While in Sydney, we stayed at the Quay West Suites in a two-bedroom, Harbourside room (accorhotels.com/gb/hotel-8764-quay-west-suites-sydney). We had the same amazing view as guests of the neighboring Fours Seasons and Shangri-La hotels but for about half the price. I refer to it as “luxury light” because Quay West doesn’t have all the bells and whistles that the other two hotels have, but it was clean, the staff was efficient and helpful, and the room service was good. That said, the true pleasure of the hotel came in the view from our balcony, where I spent lots of time staring longingly at Sydney Harbor in all its glory.
Australia, Australians, and particularly Sydney, blew me away. The people couldn’t be more friendly and fun to be around. We only saw a small portion of the country (to my Melbourne friends, I promise we will get there next time), but what we saw was spectacular and will most likely draw us back “down under” in the future. Then there was Sydney, a jewel of a city that is far more beautiful than the glamour shots you see in travel magazines. It is an electric city that still gives me chills when I talk about it.
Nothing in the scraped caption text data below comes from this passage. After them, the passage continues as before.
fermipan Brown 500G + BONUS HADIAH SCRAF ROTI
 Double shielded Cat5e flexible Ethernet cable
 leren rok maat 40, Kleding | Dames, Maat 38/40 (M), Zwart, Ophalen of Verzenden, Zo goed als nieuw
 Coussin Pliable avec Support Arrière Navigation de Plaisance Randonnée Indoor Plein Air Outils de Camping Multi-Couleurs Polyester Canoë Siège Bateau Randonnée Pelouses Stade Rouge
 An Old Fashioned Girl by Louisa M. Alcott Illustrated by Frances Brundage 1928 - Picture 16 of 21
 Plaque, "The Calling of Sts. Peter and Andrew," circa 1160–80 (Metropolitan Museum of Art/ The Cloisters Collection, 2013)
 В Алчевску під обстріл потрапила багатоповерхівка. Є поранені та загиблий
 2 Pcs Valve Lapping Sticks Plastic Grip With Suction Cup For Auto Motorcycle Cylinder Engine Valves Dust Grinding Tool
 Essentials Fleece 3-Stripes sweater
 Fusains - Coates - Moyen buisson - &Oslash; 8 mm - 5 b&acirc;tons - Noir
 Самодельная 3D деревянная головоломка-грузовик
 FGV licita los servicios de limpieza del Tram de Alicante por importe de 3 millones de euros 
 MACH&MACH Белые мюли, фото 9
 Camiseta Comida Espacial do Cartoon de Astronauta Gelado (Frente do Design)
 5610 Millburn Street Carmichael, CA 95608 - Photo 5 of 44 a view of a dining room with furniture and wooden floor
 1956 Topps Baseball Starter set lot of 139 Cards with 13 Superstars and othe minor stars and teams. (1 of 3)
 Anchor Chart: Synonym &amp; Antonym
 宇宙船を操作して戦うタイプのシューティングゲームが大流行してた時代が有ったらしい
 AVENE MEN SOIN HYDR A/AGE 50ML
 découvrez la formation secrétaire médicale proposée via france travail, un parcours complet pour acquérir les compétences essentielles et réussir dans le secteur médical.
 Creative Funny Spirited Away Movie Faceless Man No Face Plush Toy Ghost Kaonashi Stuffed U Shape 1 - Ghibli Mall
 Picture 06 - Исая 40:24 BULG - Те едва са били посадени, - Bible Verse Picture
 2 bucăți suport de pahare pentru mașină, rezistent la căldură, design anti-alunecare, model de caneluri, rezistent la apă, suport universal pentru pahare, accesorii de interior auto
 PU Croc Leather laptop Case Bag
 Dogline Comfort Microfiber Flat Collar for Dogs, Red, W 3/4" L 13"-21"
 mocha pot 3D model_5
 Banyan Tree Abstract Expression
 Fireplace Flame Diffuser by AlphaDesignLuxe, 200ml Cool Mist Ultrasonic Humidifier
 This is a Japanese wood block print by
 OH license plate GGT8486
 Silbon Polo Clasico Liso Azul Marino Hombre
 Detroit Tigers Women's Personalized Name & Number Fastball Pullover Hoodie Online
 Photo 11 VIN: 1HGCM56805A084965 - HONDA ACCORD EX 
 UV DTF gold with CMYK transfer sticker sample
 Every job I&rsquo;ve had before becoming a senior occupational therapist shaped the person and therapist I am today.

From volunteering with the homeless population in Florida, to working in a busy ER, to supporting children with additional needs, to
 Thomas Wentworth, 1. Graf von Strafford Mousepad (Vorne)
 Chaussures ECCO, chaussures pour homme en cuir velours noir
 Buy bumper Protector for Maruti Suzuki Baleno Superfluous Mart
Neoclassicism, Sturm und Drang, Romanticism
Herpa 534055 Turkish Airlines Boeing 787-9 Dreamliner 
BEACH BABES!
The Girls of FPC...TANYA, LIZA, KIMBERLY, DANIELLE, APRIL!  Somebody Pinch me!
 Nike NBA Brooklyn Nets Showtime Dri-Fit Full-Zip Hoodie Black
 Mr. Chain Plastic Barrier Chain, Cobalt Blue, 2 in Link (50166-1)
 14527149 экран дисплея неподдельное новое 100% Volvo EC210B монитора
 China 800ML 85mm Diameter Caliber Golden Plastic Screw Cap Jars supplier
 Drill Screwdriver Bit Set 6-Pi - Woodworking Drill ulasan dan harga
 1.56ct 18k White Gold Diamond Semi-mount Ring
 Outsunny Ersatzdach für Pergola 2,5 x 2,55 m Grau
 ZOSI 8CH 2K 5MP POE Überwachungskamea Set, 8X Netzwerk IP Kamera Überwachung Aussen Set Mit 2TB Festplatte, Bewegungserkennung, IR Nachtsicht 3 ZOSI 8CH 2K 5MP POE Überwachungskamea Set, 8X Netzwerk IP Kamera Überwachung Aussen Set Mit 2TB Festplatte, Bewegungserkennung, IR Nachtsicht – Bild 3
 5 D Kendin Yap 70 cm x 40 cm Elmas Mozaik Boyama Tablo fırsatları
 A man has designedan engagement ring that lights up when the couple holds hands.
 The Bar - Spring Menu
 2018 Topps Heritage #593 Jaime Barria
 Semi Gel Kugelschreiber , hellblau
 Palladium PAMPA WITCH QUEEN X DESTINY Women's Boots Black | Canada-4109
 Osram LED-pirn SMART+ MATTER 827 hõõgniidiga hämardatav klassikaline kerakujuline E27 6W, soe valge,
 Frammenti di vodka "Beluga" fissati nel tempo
Okay, fine! I will admit it, I’m having an affair with Sydney in my mind. Yes, I still love you Shanghai, but Sydney is spectacular and everything I want in a big, Asia Pacific city. All the things that are right with Shanghai, Sydney has. All the things that are wrong with Shanghai, Sydney has fixed or avoided altogether. I feel a little conflicted about this, but, if given my choice, I would live in Sydney over any other city in the world. Yes, I’m ashamed to say it, but feel better for admitting my cerebral transgression. Now I just need to get a job there so my wife and family can join me in my Sydney affair.